The bottom line is that Donald Trump has always taken every side of an issue (warning language is not safe for work). Using his deliberate manipulation tactic to do what he intends it to do, which is mislead people about issues that matter in their lives and on the issue of abortion could be their very life, is unacceptable.
Here he is, in all of his glory, taking all sides of issues, something this media refuses to contextualize for their readers, instead preferring to fall for it and gaslighting the people who pay them for their services:
The way to properly deal with a prolific liar who manipulates through his language is to look at what he does and the trends of his behavior. Often enough, Donald Trump has done the very thing he says he will do and then walks back later. It is absolutely fair to be concerned about it and to raise it as a concern.

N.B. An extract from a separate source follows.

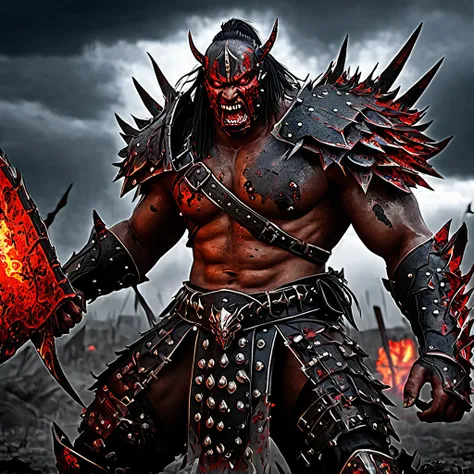 (anime,horror,dark fantasy,war)evil group of Vrockwing Bakemono,bloodthirsty barbarian ragers,studded leather scrapped together armor,2-handed weapons,cruel red eyes,sharp fangs,bloody battle scars,distorted faces,ripped muscles,raging flames,bloody splatt...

It’s not that accuracy should suffer because Donald Trump is a habitual liar. It’s that a proper fact-check would put Trump’s history of lying and walking statements back in context.

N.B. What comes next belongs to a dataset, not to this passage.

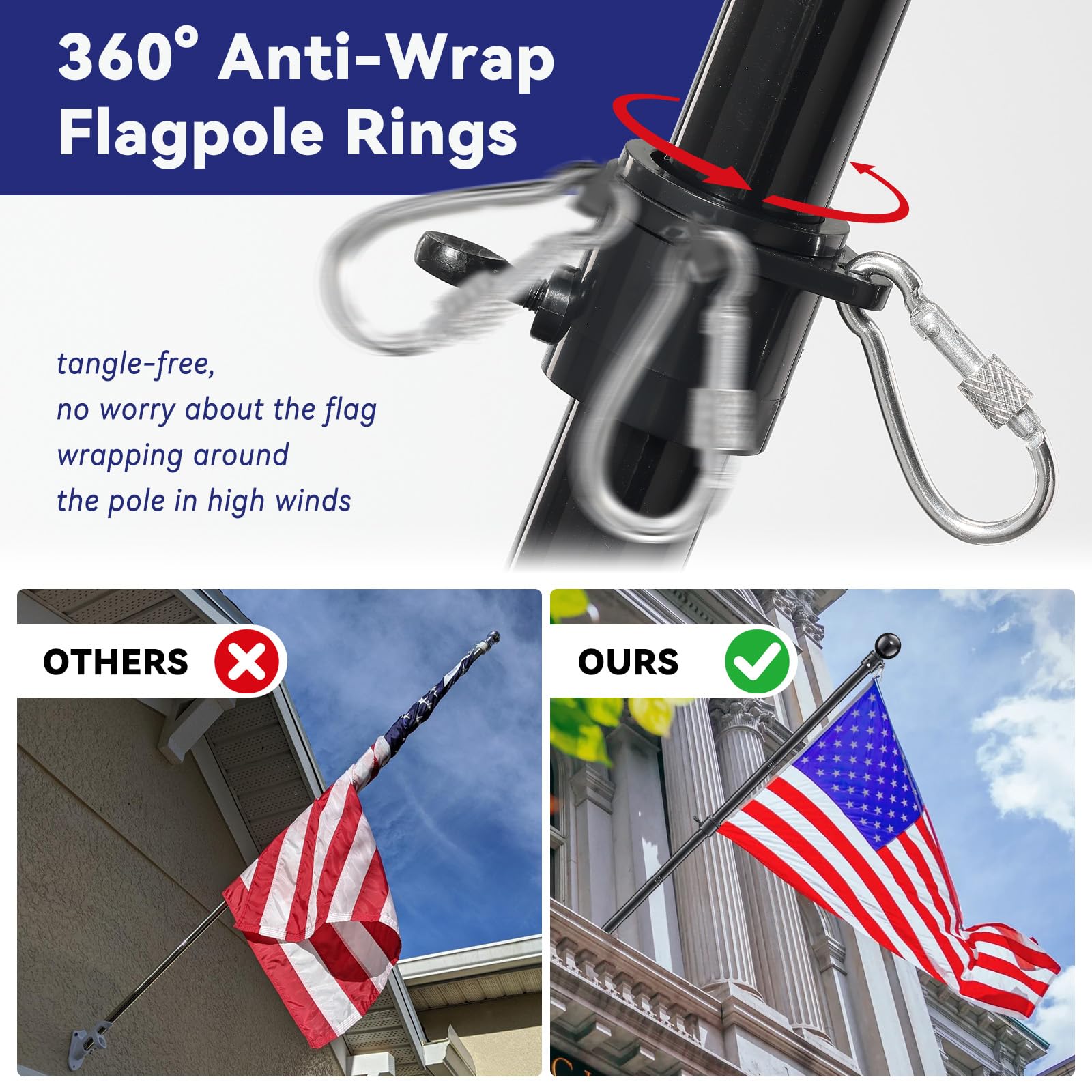 Assembled YOHSUGO flag pole in outdoor setting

It’s not a fact-check if it serves the opposite purpose of informing people. A fact-check shouldn’t repeatedly benefit someone who knows how to take advantage of a system that gives credit to this specific person when he walks something back or denies it because it allows someone to not be held easily to account. In spirit, this is the opposite of a fact-check.
Certainly, these fact-checks have failed the American people. The backlash is evidence of how tired people are of the press making excuses for Donald Trump’s savage and treacherous behavior.